I had previously been in the band Robots From the Future with Liz’s husband Keith. In fact, I was singing and playing the guitar for them as they took their vows on-stage at the Kitty Kat Club at the end of a Robots set which happened to also be their wedding. Liz had started taking drum lessons and really wanted a band to play in so she could have a reason to keep practicing and playing. Keith was already on-board on guitars so I volunteered to play bass and keyboards.

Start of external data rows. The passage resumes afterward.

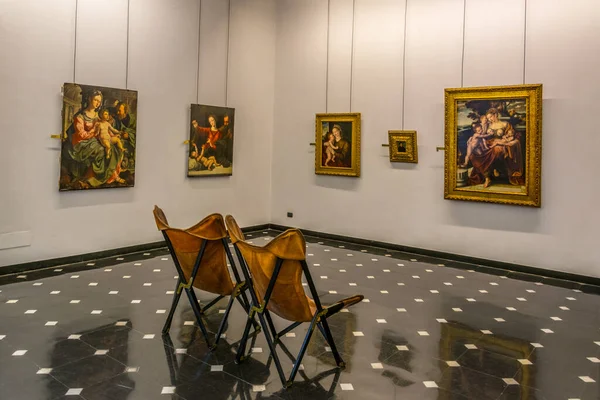 GENOA, İtalya, 13 Mart 2016: İtalyan kenti Genoa 'daki Palazzo Bianco' nun içindeki bir galeriye bakış.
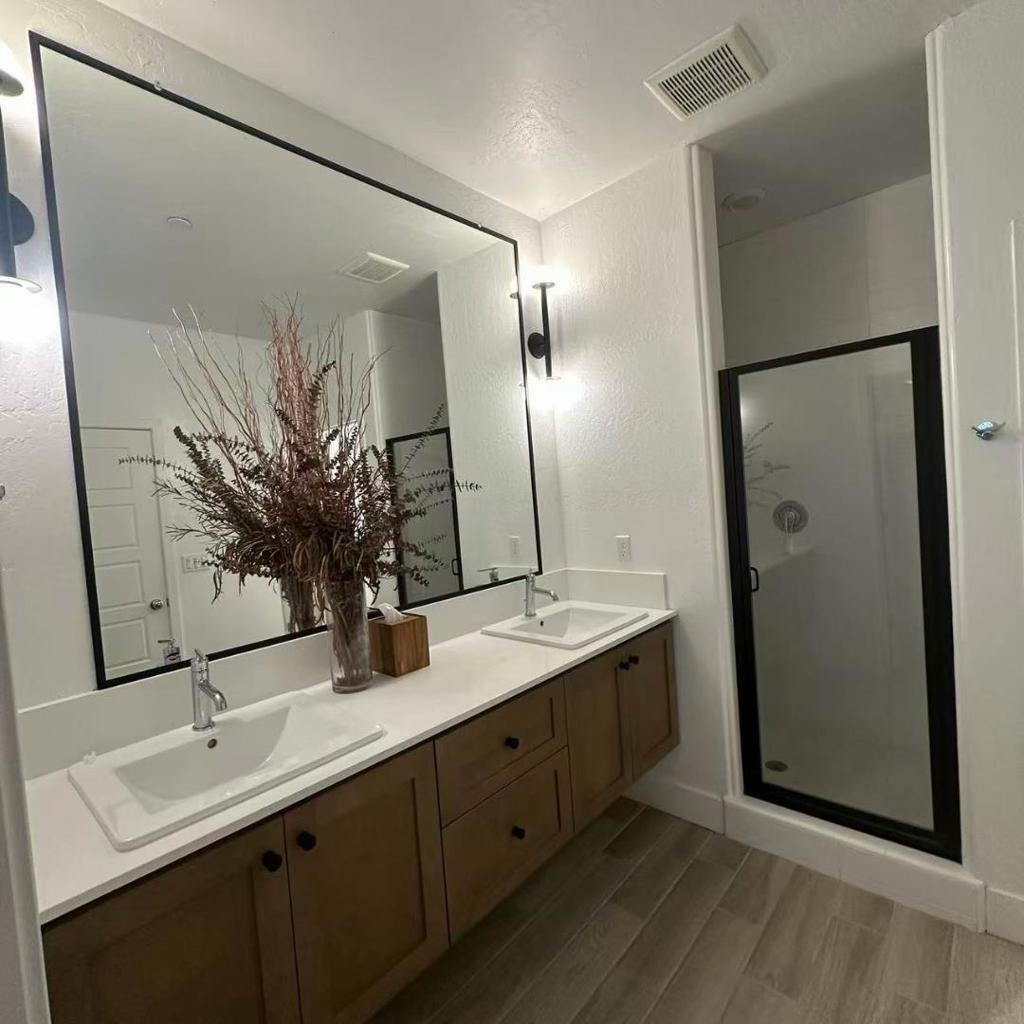 2732 E Teaberry Dr, Fresno, CA 93730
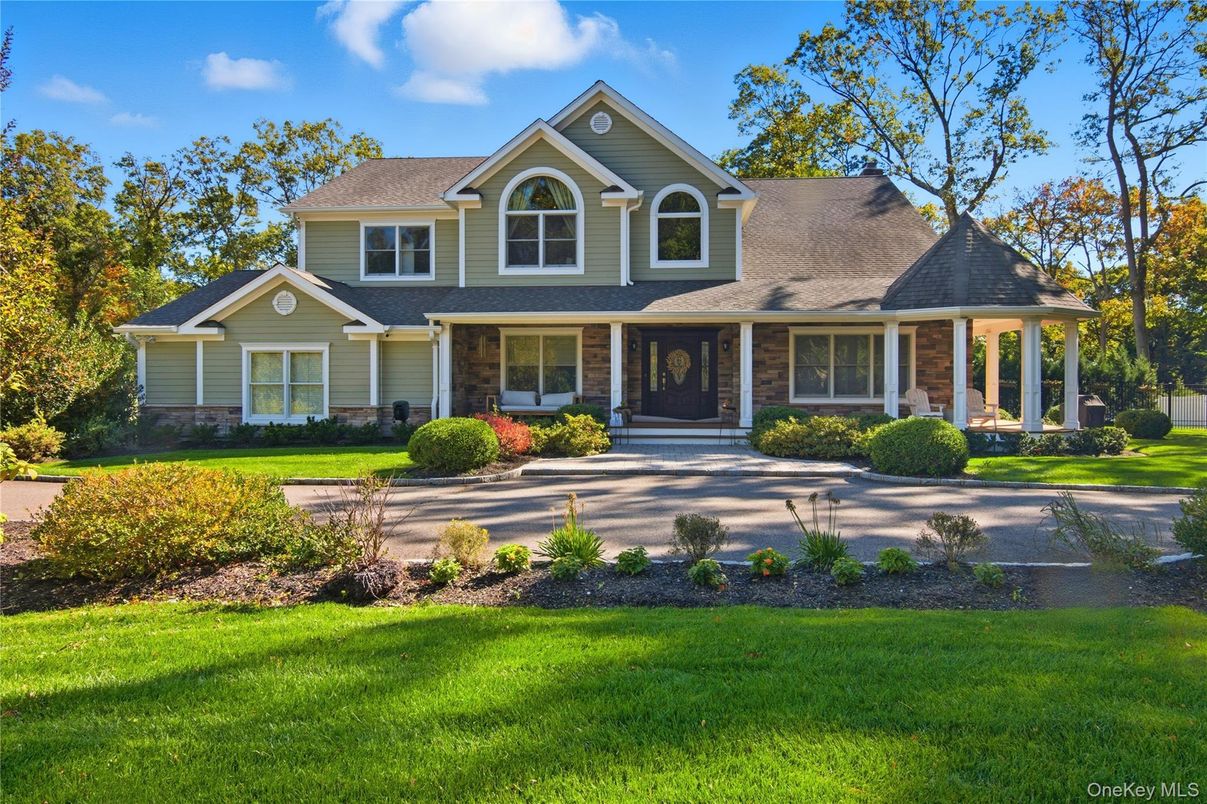 Exterior, Facade, Queen Anne Victorian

There was an obligatory “Craig’s List Guy” who showed up for the first practice (I was late, I missed him, he wasn’t invited back) and there was one more person to join the trio of myself, Liz, and Keith, a young man named Cristhian Arias-Romero who was a friend of a friend and came highly recommended as a singer and performer.

For the first few practices we brainstormed 90’s songs we loved. We all came at it from different angles. Keith was suggesting things like They Might Be Giants and Ween, I was throwing out Elliot Smith and Jeff Buckley, Cris was pushing Britney Spears and Madonna, Liz was voting for Cake and Fresh Prince, it was a great mash up of music from different genres and years, like a tornado in a Sam Goody store circa 1999. I found myself thinking that this could be a fun band to be in. Not only did I already like Liz and Keith, but Cris was really a great guy too, the chemistry was fantastic from the beginning. If that could be combined with a band that could play a wide range of music and make it our own, maybe being in a “cover band” wouldn’t be so bad.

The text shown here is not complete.